L Art Russe Ses Origines Ses Elements Constitutifs Son Apogee S

Chapter 15

Chapter 153,667 wordsPublic domain

Si l'on ne peut employer ces matériaux, il faut nécessairement renoncer à la mosaïque, sous peine d'écraser par son aspect puissant les parties des édifices qui n'en sont point couvertes. Aussi, les monuments dans lesquels la mosaïque produit un effet satisfaisant sont-ils entièrement revêtus ou de ce genre de peinture ou de matériaux précieux, y compris les pavés. Telles sont les églises de Saint-Marc à Venise, de Montréale près Palerme; telle est la charmante chapelle Royale de la même ville.

C'est donc là un moyen de décoration très-dispendieux et qui exige une exécution longue. Aussi ne peut-on le considérer comme d'un emploi ordinaire.

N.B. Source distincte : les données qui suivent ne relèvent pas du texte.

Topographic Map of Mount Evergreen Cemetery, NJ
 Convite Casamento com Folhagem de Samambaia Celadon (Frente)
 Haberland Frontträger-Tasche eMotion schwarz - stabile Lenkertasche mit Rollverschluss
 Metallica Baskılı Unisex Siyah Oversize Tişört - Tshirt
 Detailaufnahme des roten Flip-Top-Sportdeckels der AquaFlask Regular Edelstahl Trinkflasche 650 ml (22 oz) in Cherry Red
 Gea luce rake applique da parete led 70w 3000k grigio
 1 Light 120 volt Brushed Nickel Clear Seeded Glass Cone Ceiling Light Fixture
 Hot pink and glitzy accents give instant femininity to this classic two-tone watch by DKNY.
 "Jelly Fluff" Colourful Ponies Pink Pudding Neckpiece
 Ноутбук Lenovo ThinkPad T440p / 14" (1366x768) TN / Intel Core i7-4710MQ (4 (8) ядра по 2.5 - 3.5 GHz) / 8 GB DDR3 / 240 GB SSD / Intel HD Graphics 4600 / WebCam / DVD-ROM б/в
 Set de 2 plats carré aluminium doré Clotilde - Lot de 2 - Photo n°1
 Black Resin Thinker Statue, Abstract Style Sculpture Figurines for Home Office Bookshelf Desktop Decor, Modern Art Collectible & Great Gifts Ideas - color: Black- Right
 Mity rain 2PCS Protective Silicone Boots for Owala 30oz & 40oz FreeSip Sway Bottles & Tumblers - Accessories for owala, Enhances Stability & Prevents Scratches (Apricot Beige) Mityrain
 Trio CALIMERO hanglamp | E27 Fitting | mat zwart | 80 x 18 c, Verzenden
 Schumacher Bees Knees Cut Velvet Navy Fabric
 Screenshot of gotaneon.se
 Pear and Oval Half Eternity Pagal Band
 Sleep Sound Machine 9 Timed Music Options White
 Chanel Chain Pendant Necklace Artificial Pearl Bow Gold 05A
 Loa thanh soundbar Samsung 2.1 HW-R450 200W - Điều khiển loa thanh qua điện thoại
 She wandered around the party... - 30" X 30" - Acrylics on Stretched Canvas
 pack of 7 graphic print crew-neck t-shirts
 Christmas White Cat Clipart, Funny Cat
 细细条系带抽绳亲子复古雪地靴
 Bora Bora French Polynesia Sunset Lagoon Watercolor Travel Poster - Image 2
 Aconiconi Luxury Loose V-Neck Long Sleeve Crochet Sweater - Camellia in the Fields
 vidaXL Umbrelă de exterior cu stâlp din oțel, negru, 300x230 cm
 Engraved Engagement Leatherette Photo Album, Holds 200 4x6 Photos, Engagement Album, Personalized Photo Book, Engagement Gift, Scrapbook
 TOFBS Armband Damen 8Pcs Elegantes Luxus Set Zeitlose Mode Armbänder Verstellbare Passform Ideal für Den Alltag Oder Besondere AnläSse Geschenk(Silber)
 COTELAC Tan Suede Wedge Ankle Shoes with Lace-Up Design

Quant à la peinture décorative, si les fonds d'or peuvent être employés, ce ne doit être qu'avec discrétion ou en atténuant leur éclat par un travail qui équivaut aux inégalités de facettes que présente la mosaïque. L'or, au contraire, dans la peinture, peut être employé comme rehauts pour donner une valeur particulière à des parties que l'on veut faire saillir. Mais l'or exige l'emploi de tons très-vifs et très-chauds ou de tons blancs ou presque blancs. Quant aux tons mixtes, qui n'ont qu'une faible valeur, ils offrent cet inconvénient de se confondre avec les demi-teintes du métal et d'apporter ainsi de la confusion dans la composition. Ces tons mixtes étant nécessaires toutefois en maintes circonstances, on doit les employer suivant certaines conditions dont nous rendrons compte tout à l'heure.

On peut donc dire: du moment que l'or intervient dans la décoration picturale, il faut adopter une gamme de tons différente de celle qui conviendrait si on évitait la présence du métal, et c'est de quoi l'on ne se préoccupe pas assez lorsqu'il s'agit de peintures décoratives.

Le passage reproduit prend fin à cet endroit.